— DATASET CONTENT —
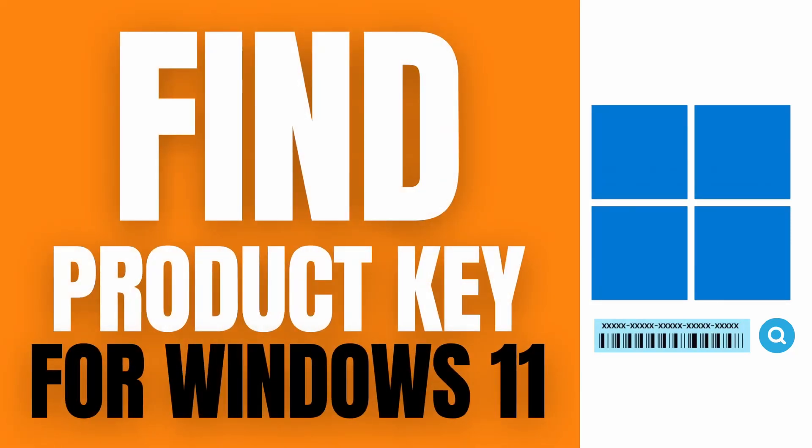Hello guys, so in this video I'll show you a quick guide on how to find your product key for your Windows 11.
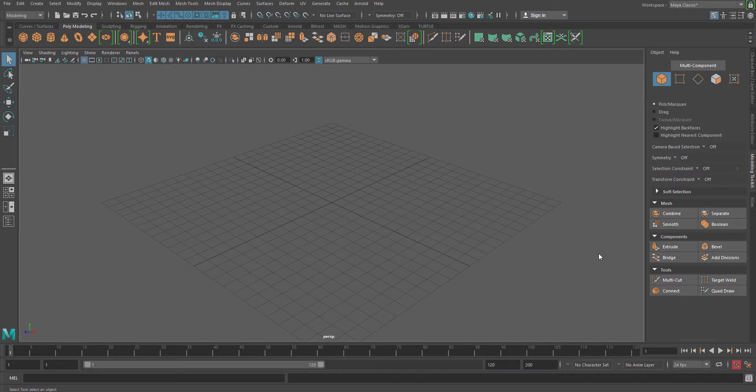Hello, welcome to StudioPixel. In this video we are going to discuss about the Quad Draw tool in Maya.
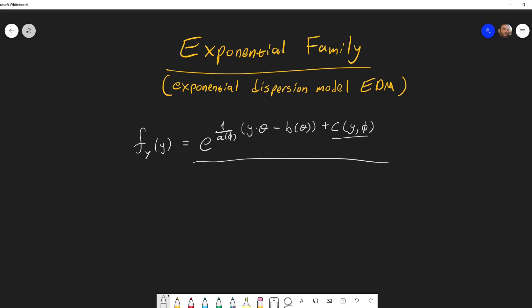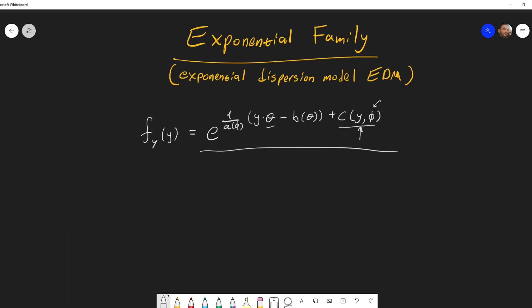For GLMs, the assumption is that the link function relates the means of some distribution to some predictor variables. So what we care about is only these thetas — we don't care so much about C unless we need to evaluate the dispersion parameter phi. You might look at this and think this doesn't look like any familiar distribution, but actually it does — you can write many known distributions in this form.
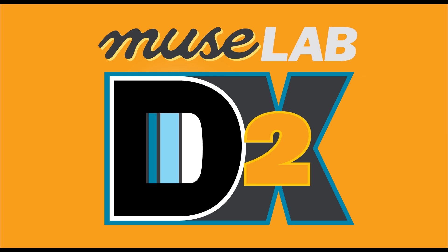Hi, I'm Jason Lance, co-founder and CEO of Muselab, and I'm incredibly excited to introduce to you today one of our latest innovations, D2X.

— ACTIVITY —
Using the material above, set down every line exactly, but skip the pictures.

— YOUR SOLUTION —
Hello guys, so in this video I'll show you a quick guide on how to find your product key for your Windows 11.
Hello, welcome to StudioPixel. In this video we are going to discuss about the Quad Draw tool in Maya.
For GLMs, the assumption is that the link function relates the means of some distribution to some predictor variables. So what we care about is only these thetas — we don't care so much about C unless we need to evaluate the dispersion parameter phi. You might look at this and think this doesn't look like any familiar distribution, but actually it does — you can write many known distributions in this form.
Hi, I'm Jason Lance, co-founder and CEO of Muselab, and I'm incredibly excited to introduce to you today one of our latest innovations, D2X.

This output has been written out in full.